Oliver Bone

Personal information
- Full name: Oliver Bone
- Nationality: Canada
- Born: April 29, 1981 (age 45) Montreal, Quebec, Canada
- Height: 1.80 m (5 ft 11 in)
- Weight: 69 kg (152 lb)

Sailing career
- Sport: Sailing
- Club: Royal Nova Scotia Yacht Squadron
- Class: Dinghy

= Oliver Bone =

Canadian sailor

Oliver Bone (born April 29, 1981) is a Canadian sailor, who specialized in two-person dinghy (470) class. He represented Canada, along with his partner Stéphane Locas, at the 2008 Summer Olympics, finishing last from a fleet of twenty-nine entries. Currently, Bone trains for the Royal Nova Scotia Yacht Squadron in Halifax, Nova Scotia.

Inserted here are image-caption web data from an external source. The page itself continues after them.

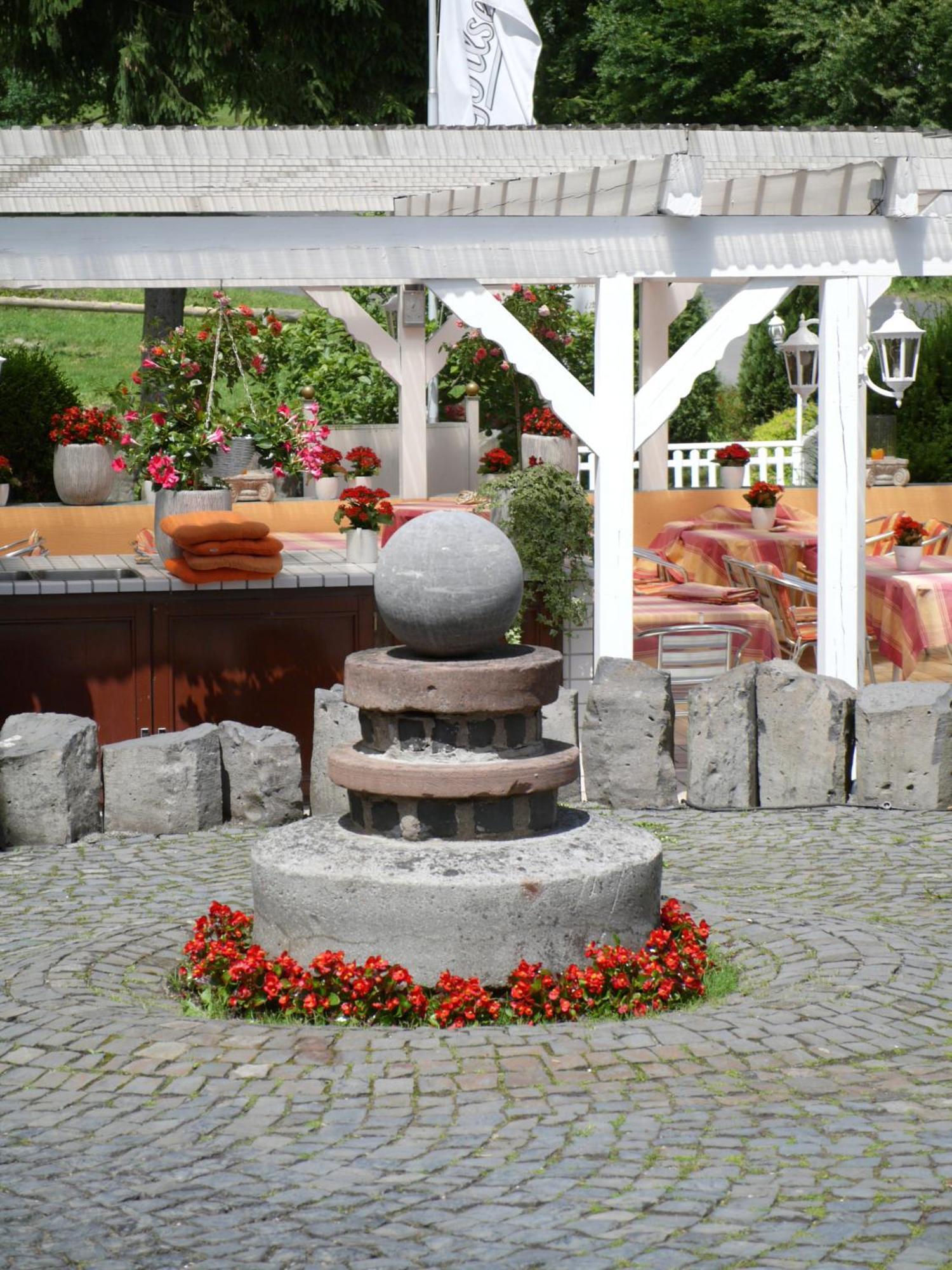Studentenmuehle Hotel - Restaurant Nomborn Exterior foto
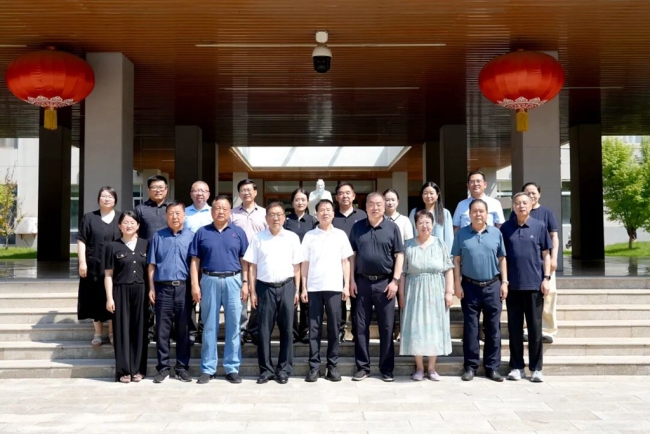 与会人员合影留念 与会人员合影留念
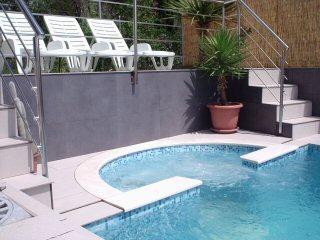 KROATIEN FERIENWOHNUNG TROGIR MIT POOL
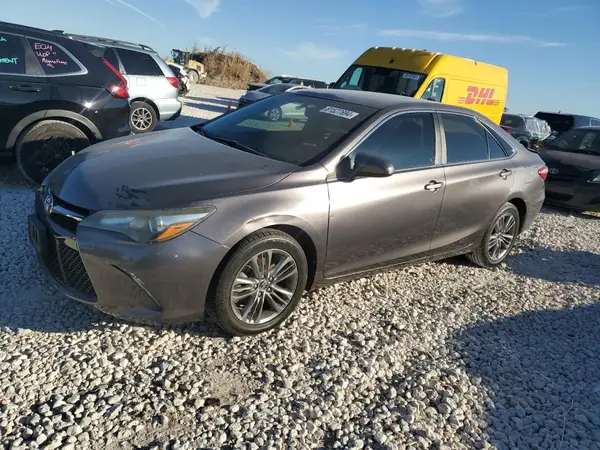 4T1BF1FK0GU253257 2016 TOYOTA CAMRY - Image 1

Bone qualified as a crew member for the Canadian squad in the men's 470 class at the 2008 Summer Olympics in Beijing, by placing twenty-ninth and receiving a berth from the World Championships in Melbourne, Australia. Teaming with skipper Stéphane Locas in the eleven-race series, the Canadian duo struggled to catch up with the rest of the boats for most of the legs that sat them at the far bottom of the leaderboard with 205 net points.

He represented Canada at the 2020 Summer Olympics.